You see I want to offer you a gift of sorts. A glimpse into your future. A story of a family's survival. My family. My brother died when I was three. He had leukemia. My parents were young. They had three surviving daughters. They went on to have another son. I recognize that our stories are different in many ways. I will not engage in any of the stupid platitudes or comments that seemingly well meaning people say out of a desire to help and utter ignorance. Here's a good one for you. When my mom was pregnant with me my brother had relapsed again. After I was born and was indeed yet another girl my parents actually got a card from "dear friends" that they signed, "Bettter luck next time!". I was born in 1966...people have been helplessly stupid in the face of death for a very long time.
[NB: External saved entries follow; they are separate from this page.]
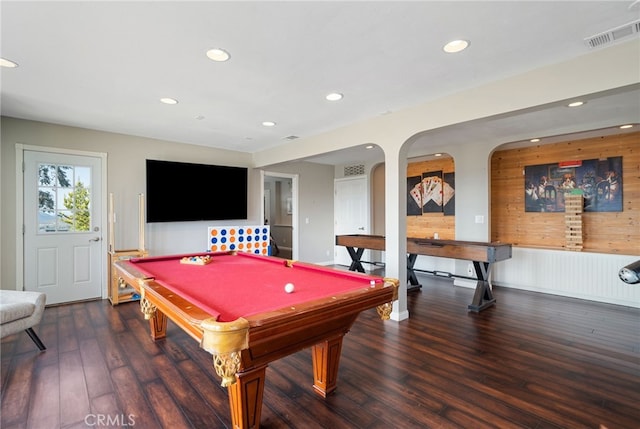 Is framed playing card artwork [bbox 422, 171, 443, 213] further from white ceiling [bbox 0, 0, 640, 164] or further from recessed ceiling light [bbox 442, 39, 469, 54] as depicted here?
recessed ceiling light [bbox 442, 39, 469, 54]

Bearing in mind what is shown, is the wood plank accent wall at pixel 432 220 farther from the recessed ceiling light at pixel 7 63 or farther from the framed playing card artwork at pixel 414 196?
the recessed ceiling light at pixel 7 63

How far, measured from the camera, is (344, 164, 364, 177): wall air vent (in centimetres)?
711

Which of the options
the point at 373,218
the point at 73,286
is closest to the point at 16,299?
the point at 73,286

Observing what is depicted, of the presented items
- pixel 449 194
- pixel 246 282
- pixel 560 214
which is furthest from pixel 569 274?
pixel 246 282

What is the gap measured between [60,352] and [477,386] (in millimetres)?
3529

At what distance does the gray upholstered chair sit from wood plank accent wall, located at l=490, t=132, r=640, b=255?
6275mm

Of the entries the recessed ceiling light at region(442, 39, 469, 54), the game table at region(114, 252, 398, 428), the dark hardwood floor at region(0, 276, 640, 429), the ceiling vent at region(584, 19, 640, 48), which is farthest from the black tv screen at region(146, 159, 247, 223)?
the ceiling vent at region(584, 19, 640, 48)

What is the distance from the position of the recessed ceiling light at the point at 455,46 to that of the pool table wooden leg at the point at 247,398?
2.43 m

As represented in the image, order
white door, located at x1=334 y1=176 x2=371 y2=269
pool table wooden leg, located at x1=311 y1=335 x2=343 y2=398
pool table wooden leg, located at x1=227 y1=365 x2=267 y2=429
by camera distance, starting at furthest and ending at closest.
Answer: white door, located at x1=334 y1=176 x2=371 y2=269 < pool table wooden leg, located at x1=311 y1=335 x2=343 y2=398 < pool table wooden leg, located at x1=227 y1=365 x2=267 y2=429

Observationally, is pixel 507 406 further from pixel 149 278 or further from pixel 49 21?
pixel 49 21

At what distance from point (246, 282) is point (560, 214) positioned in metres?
5.10

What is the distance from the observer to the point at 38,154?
→ 159 inches

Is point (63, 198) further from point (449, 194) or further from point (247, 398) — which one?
point (449, 194)

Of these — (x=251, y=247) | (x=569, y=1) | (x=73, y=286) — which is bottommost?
(x=73, y=286) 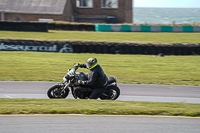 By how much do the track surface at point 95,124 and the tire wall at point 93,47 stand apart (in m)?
15.2

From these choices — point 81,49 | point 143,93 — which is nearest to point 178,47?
point 81,49

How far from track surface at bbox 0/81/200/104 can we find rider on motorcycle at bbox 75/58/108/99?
1.19 meters

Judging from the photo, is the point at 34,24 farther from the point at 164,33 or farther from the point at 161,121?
the point at 161,121

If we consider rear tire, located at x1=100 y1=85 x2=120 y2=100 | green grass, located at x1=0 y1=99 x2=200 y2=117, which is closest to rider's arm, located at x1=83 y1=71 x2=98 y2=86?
rear tire, located at x1=100 y1=85 x2=120 y2=100

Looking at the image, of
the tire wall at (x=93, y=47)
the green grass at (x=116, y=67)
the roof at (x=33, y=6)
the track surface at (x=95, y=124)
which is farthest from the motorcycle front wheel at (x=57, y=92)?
the roof at (x=33, y=6)

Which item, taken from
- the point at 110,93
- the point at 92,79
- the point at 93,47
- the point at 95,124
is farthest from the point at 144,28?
the point at 95,124

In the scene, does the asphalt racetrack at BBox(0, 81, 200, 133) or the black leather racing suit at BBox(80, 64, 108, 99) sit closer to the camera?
the asphalt racetrack at BBox(0, 81, 200, 133)

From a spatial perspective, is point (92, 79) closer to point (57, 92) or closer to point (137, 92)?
point (57, 92)

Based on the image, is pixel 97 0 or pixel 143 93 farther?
pixel 97 0

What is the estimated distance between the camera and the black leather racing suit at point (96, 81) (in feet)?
31.7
Here is what I want to share. My parents suffered a loss that thankfully most people will never understand. It is a puzzle this understanding. You want desperately for people to get it, to feel it, to live it, this loss that defies logic and words. On the other hand you would not wish it on your worst enemy. So you go through the rest of your life doing it alone and hopefully with a circle that chooses to try to get it. My family is on the other side. We are 44 years on the on their side. We survived, even thrived. My siblings and I are whole and evolved adults. We are happy. My parents had, have genuine joy in their lives. Oh the "missing" is always there. My mom once said that the pain never goes away. It just ceases to hurt so damn bad. My dad has joined my brother. There is comfort believing, knowing they are together. We remember David every December 8th on his birthday and every April 12th, the anniversary of his death. We remember. Most people in our lives don't . But we do and that is enough. To this day when my mom is asked how many children she has she proudly answers 5. She was always ahead of her time in this grief business. when the experts said it was too hard to keep David's pictures and belongings she ignored them. Every year as kids we celebrated his birthday. We still do in less obvious ways. We moved on and we took him with us. And life has been good.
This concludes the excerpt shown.